A simple example: To convert a text x to lower case, where x might be either an encoded string or unicode, I ended up writing:
try:
y = x.lower()
except:
y = x.lower().encode('cp1252')
The try clause succeeds with some texts and the except clause succeeds with the others; neither clause succeeds with any text.
Does someone know a better, more general, way to deal with unicode vs encoded strings? Is the problem that wx is unicode and Python 2 isn't?
(I'm using wx.Python 2.8.11.0, wxMSW, unicode, with Python 2.7. The first line in my Python programs is "# -*- coding: cp1252 -*-".)
Belated thanks to Werner for his excellent advice, which I’ve tried to follow. But I’ve run into one problem: It appears that, although Pickle accepts unicode keys, Shelve doesn’t. This is demonstrated in the attached little program. Does anyone know a way to use Shelve with unicode keys?
1st I had the same issue, but modified as follows it work:
# -*- coding: utf-8 -*-
# NB: "coding" line MUST be either the 1st or the 2nd one of the file
#Define test data
testdic = {}
########testdic[u'1'] = 'This is item 1'
testdic['bêtà'] = 'This is item 1 àçéèö'
#Save it with pickle
import pickle
f = open('test.pkl','w')
pickle.dump(testdic, f)
f.close()
print "pickle completed"
#Try to save it with shelve (doesn't work because key is unicode)
import shelve
db = shelve.open('test.shv')
for key in testdic:
db[key] = testdic[key]
db.close()
print "shelve completed"
JY
···
On Wed, 21 Dec 2011 12:29:19 -0800 (PST) Patrick Maher <patrick@maher1.net> wrote:
Shelve simply does not work with unicode keys. It this
has been fixed in Python 3, there will be no fix for
Python 2. Workaround, encode the unicode keys as bytes
(<type 'str'>), in utf-8 or cp1252. If I remember correctly,
you are using Windows.
The "sys.defaultencoding" should be 'ascii' for Python 2
and utf-8 for Python 3. If not, Python may not work
properly (esp. true for hashing, dicts with unicode keys).

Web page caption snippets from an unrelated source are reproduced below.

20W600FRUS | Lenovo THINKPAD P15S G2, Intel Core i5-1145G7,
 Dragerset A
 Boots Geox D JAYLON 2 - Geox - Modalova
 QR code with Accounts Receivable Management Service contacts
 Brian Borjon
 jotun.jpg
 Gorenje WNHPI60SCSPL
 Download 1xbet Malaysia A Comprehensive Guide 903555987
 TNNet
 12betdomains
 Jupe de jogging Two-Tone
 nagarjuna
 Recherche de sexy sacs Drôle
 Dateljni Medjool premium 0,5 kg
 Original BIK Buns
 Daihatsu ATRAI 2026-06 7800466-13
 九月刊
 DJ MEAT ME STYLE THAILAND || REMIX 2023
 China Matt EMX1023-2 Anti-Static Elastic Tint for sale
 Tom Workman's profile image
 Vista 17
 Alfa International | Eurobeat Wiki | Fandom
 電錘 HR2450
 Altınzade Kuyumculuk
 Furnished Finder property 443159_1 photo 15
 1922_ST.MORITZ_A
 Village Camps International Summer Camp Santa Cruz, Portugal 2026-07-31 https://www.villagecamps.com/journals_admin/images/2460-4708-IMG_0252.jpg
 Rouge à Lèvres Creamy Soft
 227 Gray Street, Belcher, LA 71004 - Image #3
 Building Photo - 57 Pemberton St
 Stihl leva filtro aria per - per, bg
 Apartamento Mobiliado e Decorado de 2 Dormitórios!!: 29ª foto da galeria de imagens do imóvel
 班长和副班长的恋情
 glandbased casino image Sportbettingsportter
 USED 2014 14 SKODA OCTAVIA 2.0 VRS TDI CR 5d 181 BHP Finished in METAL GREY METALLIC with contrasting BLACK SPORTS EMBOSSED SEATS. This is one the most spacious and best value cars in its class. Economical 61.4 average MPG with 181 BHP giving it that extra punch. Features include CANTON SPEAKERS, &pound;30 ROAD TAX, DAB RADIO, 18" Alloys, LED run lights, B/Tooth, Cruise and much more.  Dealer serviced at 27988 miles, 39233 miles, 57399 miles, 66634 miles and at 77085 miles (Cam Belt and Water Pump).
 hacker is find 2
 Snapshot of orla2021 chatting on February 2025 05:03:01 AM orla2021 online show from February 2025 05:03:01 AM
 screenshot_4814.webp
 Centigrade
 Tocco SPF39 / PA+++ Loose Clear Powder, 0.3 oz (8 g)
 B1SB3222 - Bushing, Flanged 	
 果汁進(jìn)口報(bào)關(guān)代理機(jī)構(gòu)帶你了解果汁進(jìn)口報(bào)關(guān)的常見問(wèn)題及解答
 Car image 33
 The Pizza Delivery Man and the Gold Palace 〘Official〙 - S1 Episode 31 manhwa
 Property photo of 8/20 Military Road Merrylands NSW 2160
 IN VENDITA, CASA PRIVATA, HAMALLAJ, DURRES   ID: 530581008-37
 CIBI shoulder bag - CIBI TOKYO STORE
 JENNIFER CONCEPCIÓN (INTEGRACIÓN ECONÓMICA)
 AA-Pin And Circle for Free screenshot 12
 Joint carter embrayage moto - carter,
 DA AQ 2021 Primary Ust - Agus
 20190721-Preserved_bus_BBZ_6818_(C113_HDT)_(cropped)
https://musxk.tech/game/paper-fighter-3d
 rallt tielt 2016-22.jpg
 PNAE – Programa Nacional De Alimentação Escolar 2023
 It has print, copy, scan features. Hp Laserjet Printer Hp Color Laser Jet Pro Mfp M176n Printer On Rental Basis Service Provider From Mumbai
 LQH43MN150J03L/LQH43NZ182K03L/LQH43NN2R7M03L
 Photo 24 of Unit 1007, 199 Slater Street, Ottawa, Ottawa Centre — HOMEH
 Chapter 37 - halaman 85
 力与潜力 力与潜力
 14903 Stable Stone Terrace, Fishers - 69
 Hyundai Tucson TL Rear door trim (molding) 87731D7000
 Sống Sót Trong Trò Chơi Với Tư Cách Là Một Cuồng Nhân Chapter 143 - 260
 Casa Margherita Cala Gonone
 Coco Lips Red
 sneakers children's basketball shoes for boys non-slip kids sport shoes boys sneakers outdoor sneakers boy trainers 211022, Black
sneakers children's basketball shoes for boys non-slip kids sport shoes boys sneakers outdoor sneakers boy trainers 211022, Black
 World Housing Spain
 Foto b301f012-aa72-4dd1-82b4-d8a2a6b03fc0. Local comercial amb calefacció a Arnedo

The coding directive on top of a .py script is only here
to inform the Python parser. It has no impact on the intrinsic
coding of a <type 'str'> you may use in your code.
jmf
···
On 21 déc, 21:29, Patrick Maher <patr...@maher1.net> wrote:
Belated thanks to Werner for his excellent advice, which I've tried to
follow. But I've run into one problem: It appears that, although Pickle
accepts unicode keys, Shelve doesn't. This is demonstrated in the attached
little program. Does anyone know a way to use Shelve with unicode keys?